80 ans de guerre sur cette terre où s’affrontent cultures et religions, histoire et vision. Un mur divise l’agglomération de Jérusalem. Est-il toujours possible, souhaitable, pour des chrétiens français d’y oser un pèlerinage qui suppose découverte des lieux, Bible en mains, méditation intime et temps liturgiques ? Premier élément de contexte le rappel récent de l’ancienneté et de la légitimité de la présence française dans des bâtiments porteurs de symboles religieux chrétiens forts. Le drapeau tricolore flotte sur la basilique Sainte Anne, confiée aux Pères Blancs ,et l’école biblique de Jérusalem où Emmanuel Macron se rendit longuement est un lieu où la recherche linguistique, archéologique et théologique, a permis de retravailler l’Ecriture, et de contribuer au rapprochement de l’histoire de chaque communauté. Chrétiens et Français nous sommes donc bien présents à Jérusalem.

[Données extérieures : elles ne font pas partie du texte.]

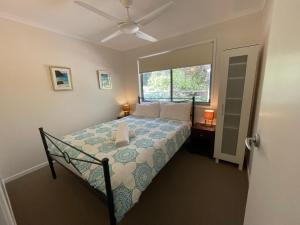 a bedroom with a bed and a window at At Melaleuca 3 in Point Lookout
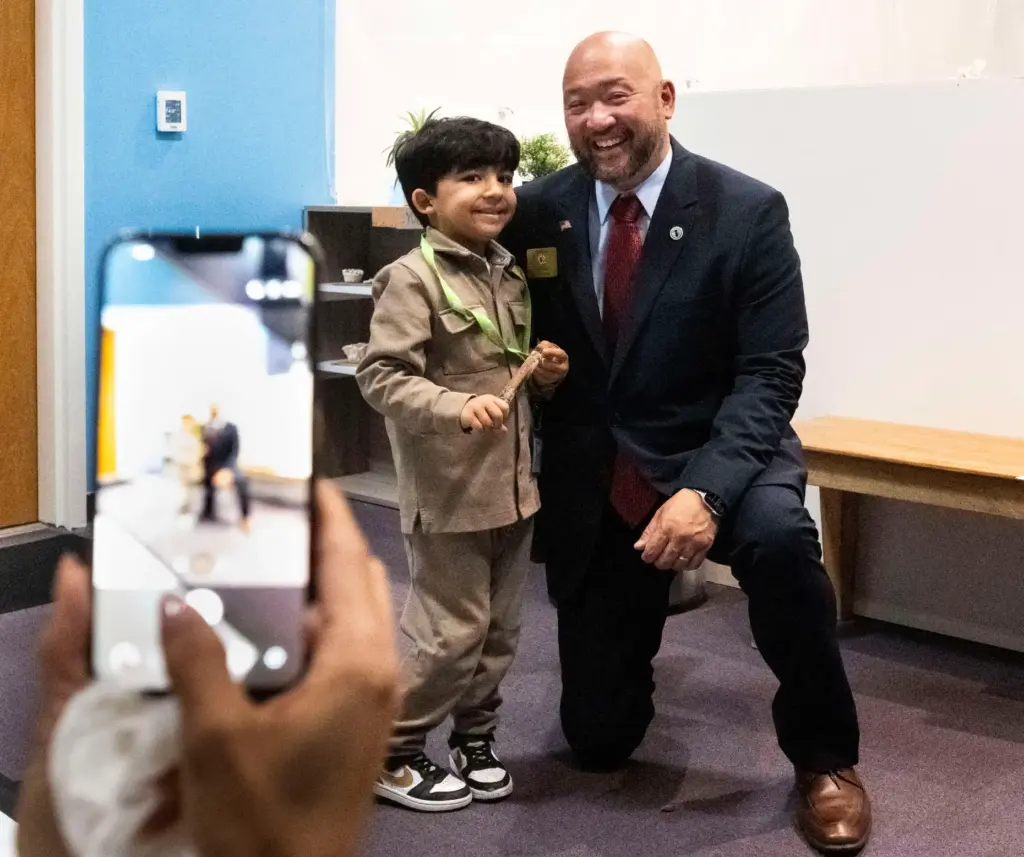 Zayn Sarwari, 4, takes a photo with Irvine Vice Mayor...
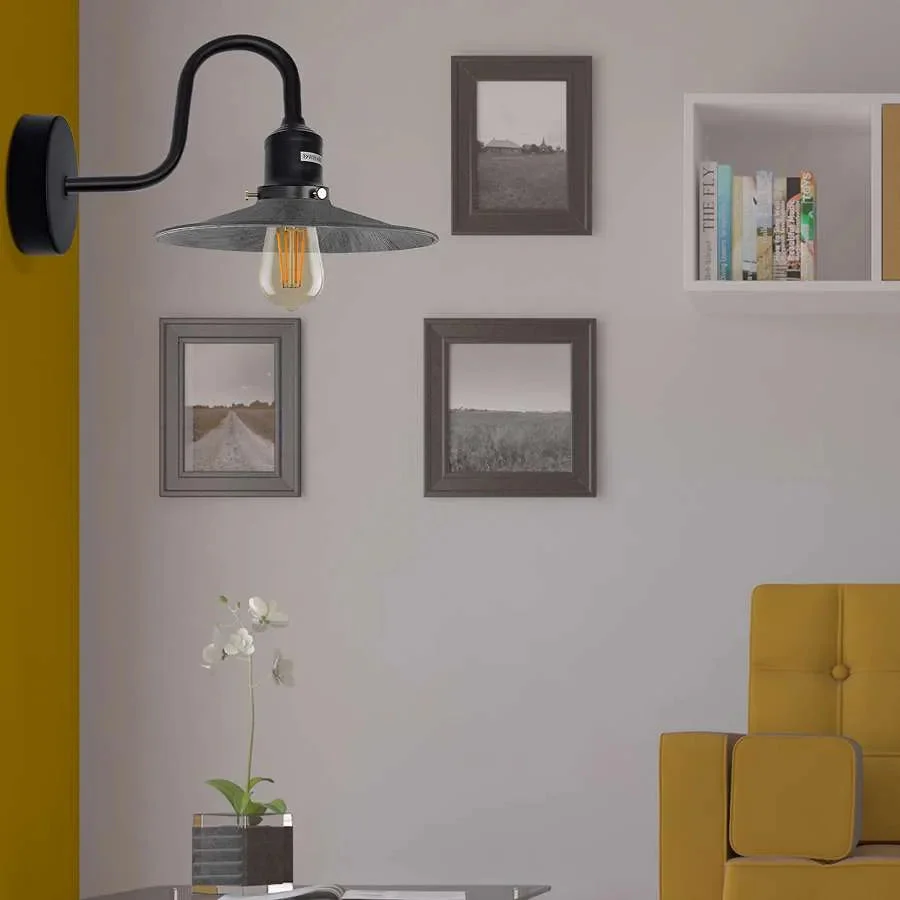 Metal vintage wall lamp with curved swan neck arm and E27 bulb holder mounted on a white wall background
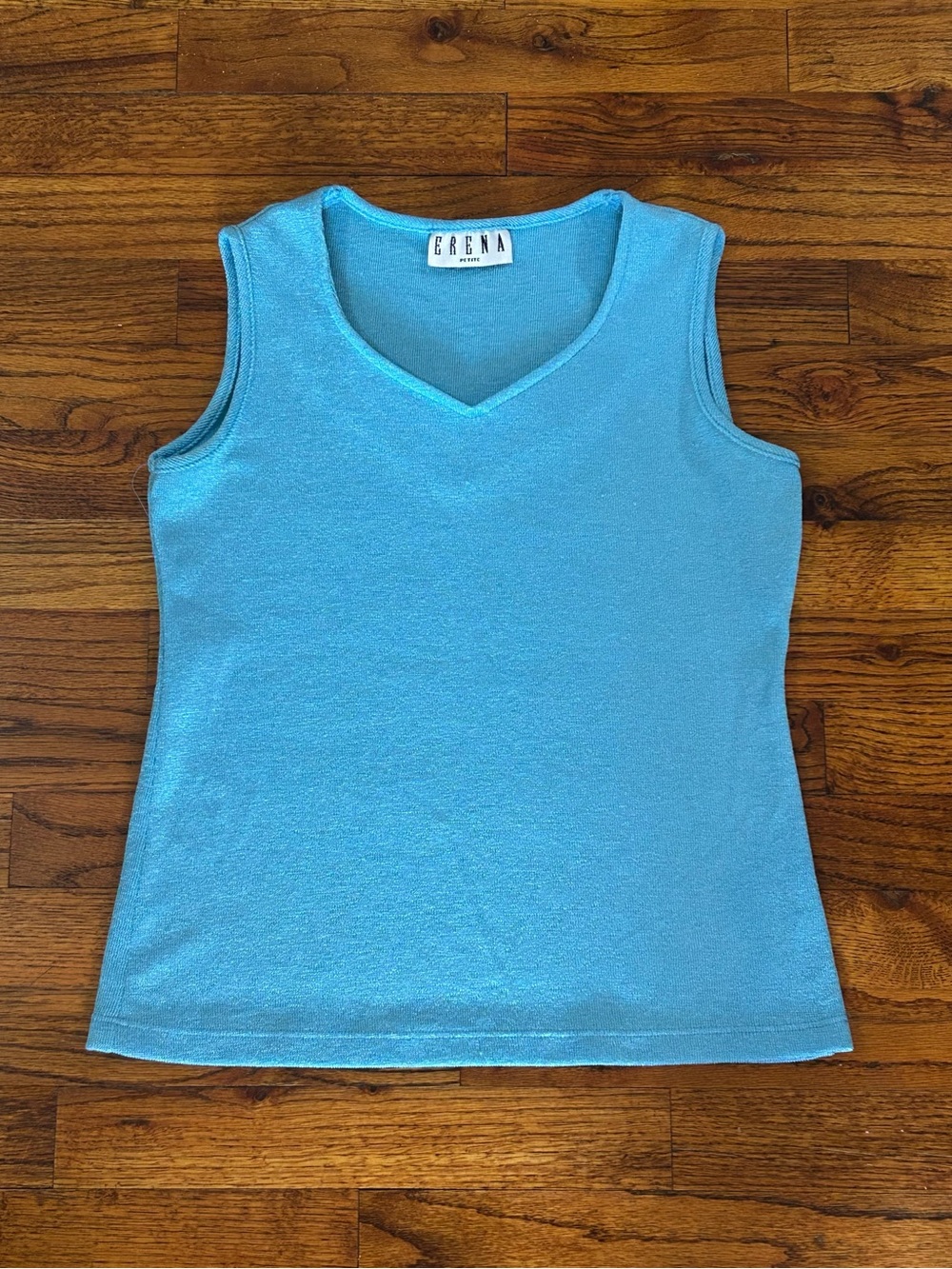 Erena Aqua Blue Tank Top V-neck Blouse
Ladies Medium 8 - 10
Pit to Pit 18”
Leng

Treize confessions cohabitent au Saint Sépulcre, le respect dû à cette diversité non réductible aux seuls rites est une difficulté ; en reconnaitre la richesse pour nous est nécessaire alors même que les tentations, les dynamiques fondamentalistes, crispent, divisent et nourrissent la tension. L’appui d’évangéliques américains au dernier plan si méprisant pour les Palestiniens en est une nouvelle illustration. Venir à Jérusalem c’est apprendre à dialoguer avec d’autres confessions.
Contrairement à ce qu’aurait affirmé Clémenceau à un parlementaire qui s’étonnait de la protection des institutions religieuses en Palestine par la République, la laïcité, affirmation de la distance entre le religieux et le politique devrait être une posture exportable, même si elle doit ici reconnaitre l’importance du religieux dans la cohésion sociale. Ce témoignage de notre vécu de chrétiens à la laïcité heureuse ne devrait pas se limiter à l’hexagone.
Ce mur qui sépare de Jérusalem, défense contre ce que furent les agressions terroristes est, coté Bethléem, orné de décorations, d’icônes – car le mot de tag n’est pas à la hauteur de cet art mural- à l’humour dramatique où nos images pieuses, la Crèche et autre Fuite en Egypte sont détournées en messages terribles dont la dérision dit le drame vécu.
Le projet sioniste, qui a tant apporté, ne serait-ce que pour ma génération l’expérience des kibboutz, a bien construit un pays où prospère l’investissement, public et privé. Mais au nom de ce projet et de la sécurité nationale, la politique israélienne enferme des palestiniens dans la misère, et que dire de Gaza. Cette misère déstabilise toute tentative de bâtir un projet politique crédible, et nourrit les extrémismes destructeurs qui trouvent dans le fondamentalisme une base logique.
Quand les meilleurs connaisseurs de cette situation avouent leur impuissance à concevoir des projets de sortie, est-il encore possible de prétendre ressourcer sa foi en participant à un pèlerinage dans une terre aussi dramatiquement divisée ? Faut-il s’abstenir de s’y rendre ? Les chrétiens de Nazareth disent l’importance pour eux de notre passage attentif, de notre tentative de comprendre. Au moment où les jeunes générations commencent à dire pour les uns « Arrêtez de justifier notre présence ici par la Shoah, l’Haulocauste » pour les autres « Arrêtez de faire de la Nakhba, la Catastrophe, le début de notre histoire politique » au moment donc où des jeunesses rêvent de vivre, il semble finalement important de venir, en Israël et en Palestine, d’y sentir ce qui nous lie profondément à ce territoire, et d’aider ceux qui aimeraient dépasser les drames actuels en nourrissant leur ouverture a d’autres mondes.